The first time I smoked marijuana I was 13 years old; prohibition doesn't work, and while MJ has its burdens, prohibition has far more. We should focus on treating the addicted as human beings needing help rather than criminals to be thrown into prison.
That's oversimplifying; couldn't we drastically reduce the number of automotive deaths by outlawing driving?
Marijuana isn't an absolute evil with no redeeming qualities, and prohibition brings along a bevy of its own problems. So then we're really talking about which method, legalization or prohibition, is better in the aggregate.
When I say that prohibition doesn't work, I'm talking literally; something like a third of people in the US have smoked marijuana, and a sizable percentage (including me, a productive salaried software developer) smoke regularly despite the potential legal ramifications. I've gone on vacation with no connects and found a dealer inside of a day, which is to say that no one who wants to smoke is being stopped by prohibition.

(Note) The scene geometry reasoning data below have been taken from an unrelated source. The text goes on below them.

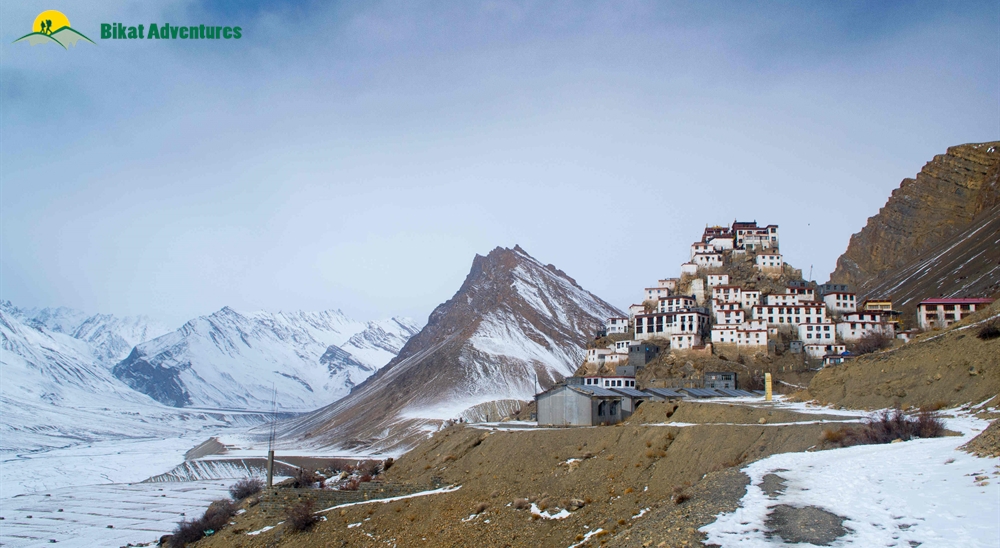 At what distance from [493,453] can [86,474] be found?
93304mm

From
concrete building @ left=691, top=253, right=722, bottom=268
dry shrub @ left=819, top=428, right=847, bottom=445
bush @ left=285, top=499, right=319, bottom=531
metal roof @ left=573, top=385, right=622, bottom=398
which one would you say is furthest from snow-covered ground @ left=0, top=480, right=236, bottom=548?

When you take that with all of the bad things that prohibition causes, I don't know how you can rationalize its continuation.
> People keep saying "prohibition didn't work" but I'm hard pressed to find a conclusive paper on the subject.

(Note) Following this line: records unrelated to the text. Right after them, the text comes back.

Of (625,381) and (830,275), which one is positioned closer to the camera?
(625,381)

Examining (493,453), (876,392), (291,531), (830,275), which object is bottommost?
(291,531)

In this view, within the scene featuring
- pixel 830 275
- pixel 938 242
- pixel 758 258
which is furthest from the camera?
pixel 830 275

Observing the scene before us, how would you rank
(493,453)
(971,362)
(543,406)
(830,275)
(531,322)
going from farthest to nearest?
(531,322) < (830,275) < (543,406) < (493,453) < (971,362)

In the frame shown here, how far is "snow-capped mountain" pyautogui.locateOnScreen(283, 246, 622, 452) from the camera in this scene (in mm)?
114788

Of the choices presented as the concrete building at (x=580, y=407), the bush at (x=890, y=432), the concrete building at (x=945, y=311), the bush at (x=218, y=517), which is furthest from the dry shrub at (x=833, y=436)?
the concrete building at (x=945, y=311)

Assuming, arguendo, your suggestion that there is no conclusive evidence on the effectiveness of prohibition, then, given the money, lives, etc. that have been expended on prohibition, the absence of conclusive evidence of its effectiveness is, itself, a pretty strong reason not to keep tossing lives and treasure into that pit.
Actually, the cost of addiction recovery for all drugs other than alcohol is small, literally to the point of insignificance in most cases, compared to the cost of alcohol abuse and addiction, and ridiculously small compared to the cost of the Drug War.
in other words, by any rational measure, it's a risk worth taking.
Well, today we already have those costs, plus the even larger costs of law enforcement. The choice is not between "pot is illegal and nobody uses it" and "pot is legal and it causes social problems".
The physical and mental health problems and associated healthcare burden.
This is not insignificant and totally shrugged off by the "pro-legalisation" side of things.